Still somewhat confused by the B and C situation, and concerned about the imbalance passing the two thicknesses to the B process. I want to address the latter first. How are the samples assigned to batch? 18 does not divide evenly into either 78 or 30, so the analysis will confound thickness effects with process B batch effects. 18 of the batches will have only a single A2, and 12 will have 2 if a quasi-balanced design is used. I would be afraid that having different numbers of A1 and A2 will greatly increase the batch to batch variability.
Then the 6 samples in B1 are then processed through the C process in 6 separate batches.Is there a constant ratio of 13 A1 and 5 A2 samples in each batch? How are samples aggregated into C batches?

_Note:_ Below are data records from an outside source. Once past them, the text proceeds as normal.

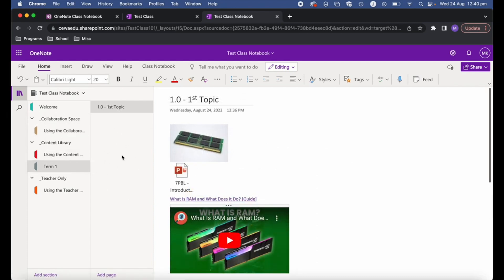That's a brief overview of the class notebook. The main aim of this video was to help you get your class notebook created, give a quick overview of how it's set up, and show how you can create your course resources and really start to utilize this class notebook feature from OneNote. I hope it's been useful — if it has, please consider a like and subscribing for more videos. I'll see you next time.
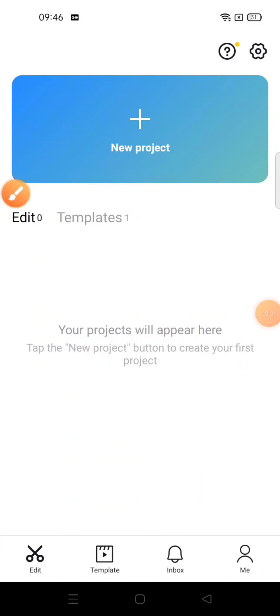Hey guys, welcome back to Tutorial Millennial YouTube channel. In this video, I'm going to show you how to make a sunset effect on CapCut app.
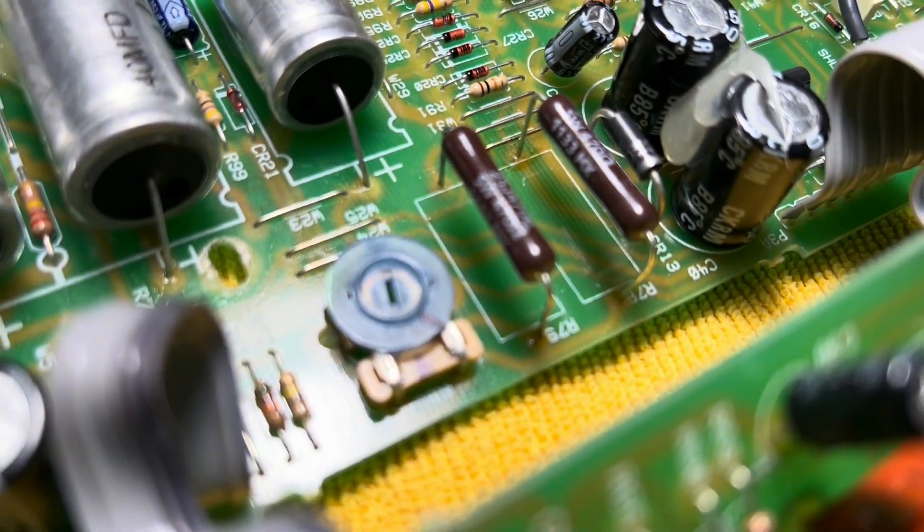Here are your new plate resistors, your plate loads for the phase inverter. These things typically burn open. I love using Carbon Comp, the old style, for plate supplies.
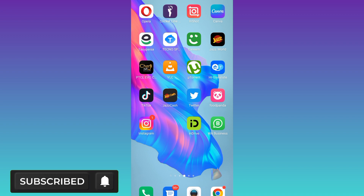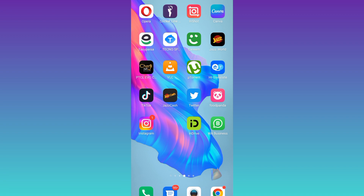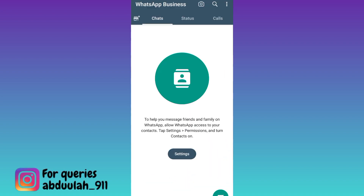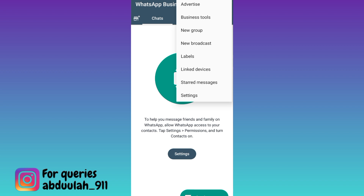In order to set auto reply on WhatsApp, what you need to do is to open the WhatsApp application. Click on the three dots at the top right corner of your screen and go to settings.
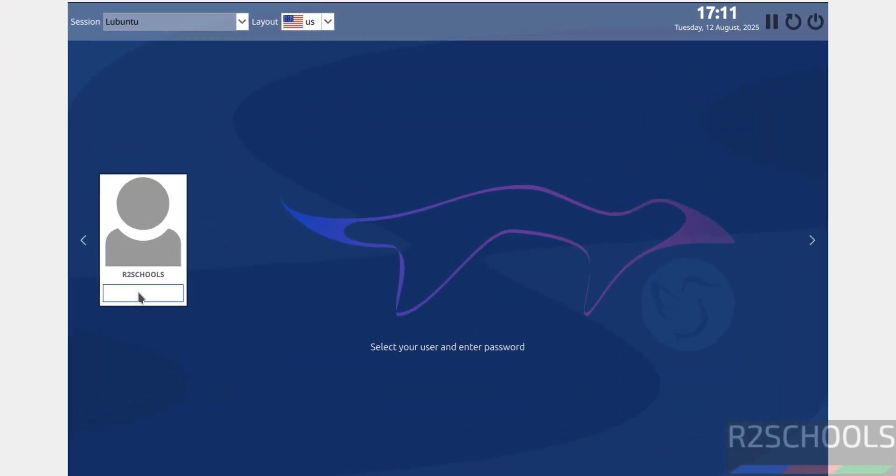Enter. Now enter the password and hit enter.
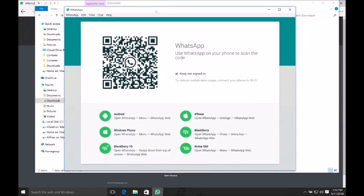It displays a QR code. After that, you need to open the WhatsApp application on your mobile phone, then go to Settings.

I read this as a mixed model, with a single fixed effect (A) and four random effects of interest (B, C, A*B, and A*C, the three-way being essentially noise). I would proceed to model each response variable separately, rather than as a MANOVA, although you could treat the responses X, Y and Z as repeated measures on the batch. I do not have enough JMP experience to know whether this is possible, but in SAS, it could be done with appropriate RANDOM statements in PROC GLIMMIX.
I hope the first part of this post is of use to you in thinking about this design.
Thanks so much for your time and help!
Please let me clarify:
A) Total 108 samples of two thicknesses: 78 of A1 and 30 of A2.
B) These samples went into process B (a thermal treatment in anoven). I’d love to have all samples go through it all together but due to the oven space limitation, only six samples can be accommodated each time so this step ended up with 13 batches for thickness A1 (B1, B2, B3… B13) and 5 batches for thickness A2 (B14, B15… B18). (Total: 13*6+5*6=108) This step introduced batch to batch variation on top of thickness difference.
C) Then, all these samples went into process C (a pressure step in a chamber).This chamber is bigger than the oven used for process B so 18 samples can be processed per run for total 6 runs, C1, C2…C6 (18*6=108). Each C batch contained samples from three B batches. Samples of same thickness were grouped together as much as possible, except for final batch C6 which contained left over A1 thickness from process B (B13) and left over A2 thickness from process B (B17,B18).
After that, all samples were measured for parameter X. I’d like to find out how thickness, b-to-b variation in process B and process C affect X.
Or to further simplify and narrow down, since C1-C4 contains only thickness A1, the question could just be asked as to how much variation seen in X were from b-to-b variation of process B or C at thickness A1? Maybe a two-way ANOVA? But I’d like to learn how to use multi-way (>3) ANOVA because I also have other process problems with more factors.
Thanks so much and look forward to hearing from you or any experts!
Because of the confounding issue, the only thing I can think of is a mixed model approach. I really can't see any other way to pull out what you want. In any case, here are some more thoughts. I really think Process B and Process C are random effects--for instance, in Process C, instances 1 through 4, is there ever any reason to believe that C1 has a different mean from C2? I think that the different instances of the process would only add variability, rather than some fixed amount. For process B, the same applies, and here we have a full separation, so that the variability added may be different for the two thicknesses.
I do not know how to do this in JMP, but I do know that there is a mixed model estimation procedure available. From picklists, I would include A as a fixed effect, and B, C, and the interaction of A and B as random effects. It may also be possible to include the interaction of A and C, but C6 complicates matters somewhat. With some simulated data, I was able to do the analysis in SAS, but the interaction random effects are just a problem. You can't delete C6 from the analysis, as then you only have one batch (C5) with A2. The best I was able to do was
proc glimmix data=one;
class a b c;
random b /solution group=a;
I hope there is an equivalent in JMP--perhaps others can "jump" in and help.